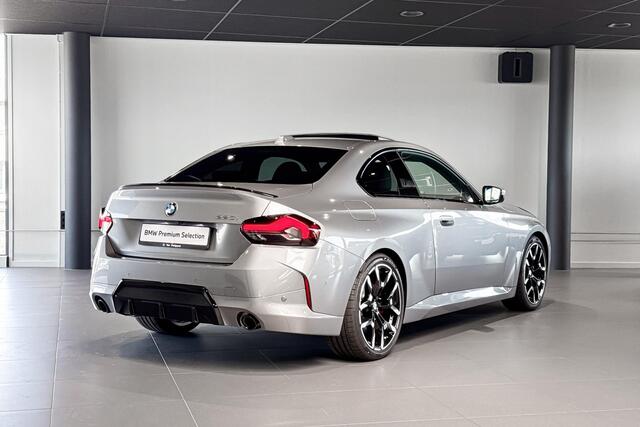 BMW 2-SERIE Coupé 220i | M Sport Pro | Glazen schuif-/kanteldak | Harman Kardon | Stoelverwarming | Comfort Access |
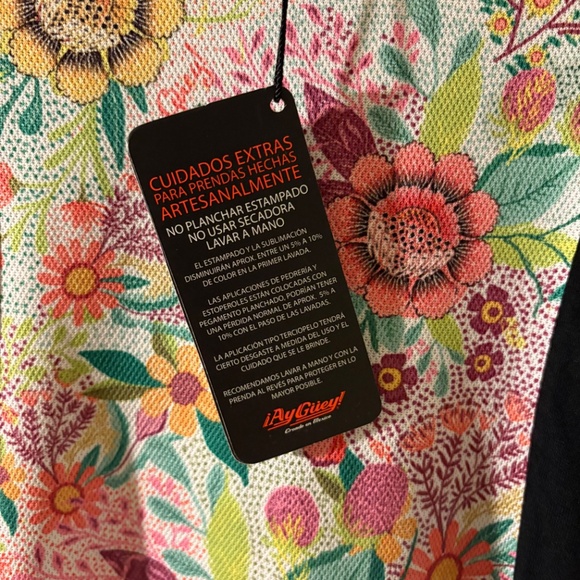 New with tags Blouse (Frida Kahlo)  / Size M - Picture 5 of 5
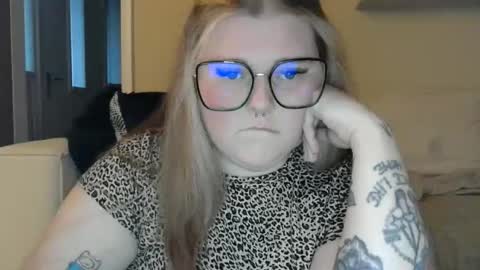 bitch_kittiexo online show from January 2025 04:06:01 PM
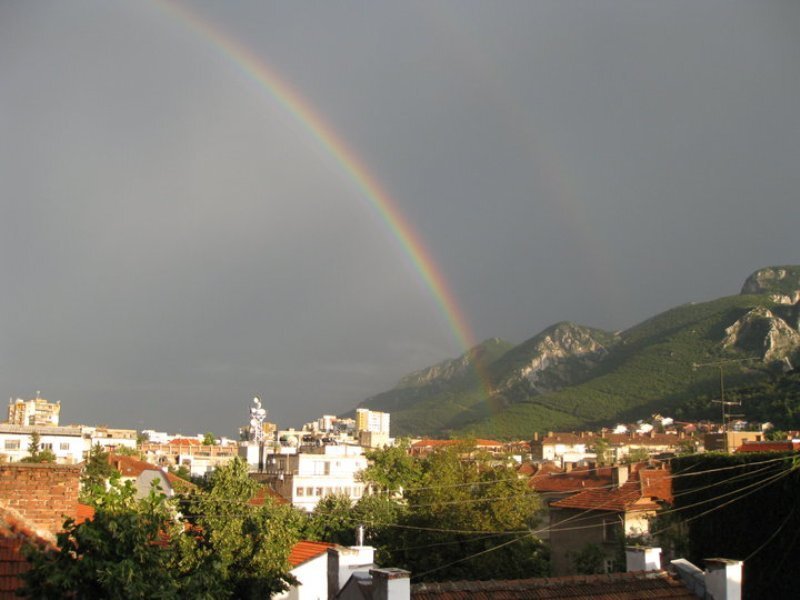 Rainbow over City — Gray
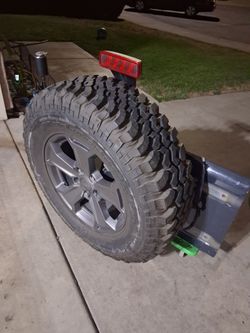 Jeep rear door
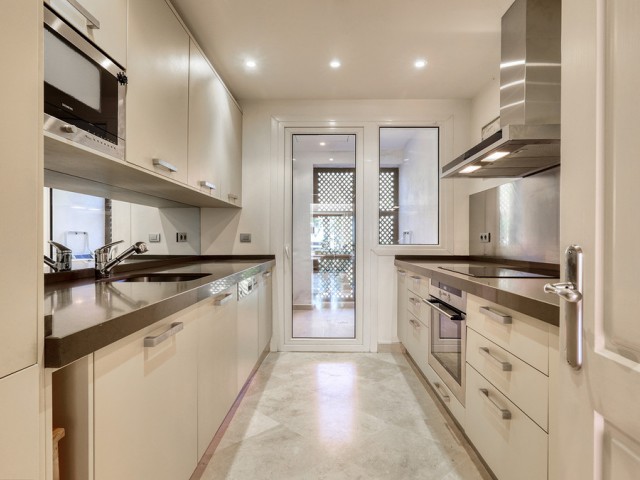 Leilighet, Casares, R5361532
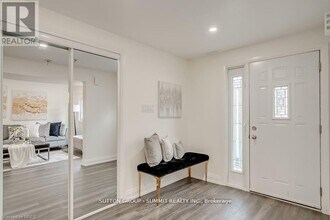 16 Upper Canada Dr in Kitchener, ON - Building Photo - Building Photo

────

Work item => Reproduce exactly the part of the records above that begins at the line holding "bitch_kittiexo online show" and ends at the final line, both included, leaving out the pictures.

Answer to the exercise =>
 bitch_kittiexo online show from January 2025 04:06:01 PM
 Rainbow over City — Gray
 Jeep rear door
 Leilighet, Casares, R5361532
 16 Upper Canada Dr in Kitchener, ON - Building Photo - Building Photo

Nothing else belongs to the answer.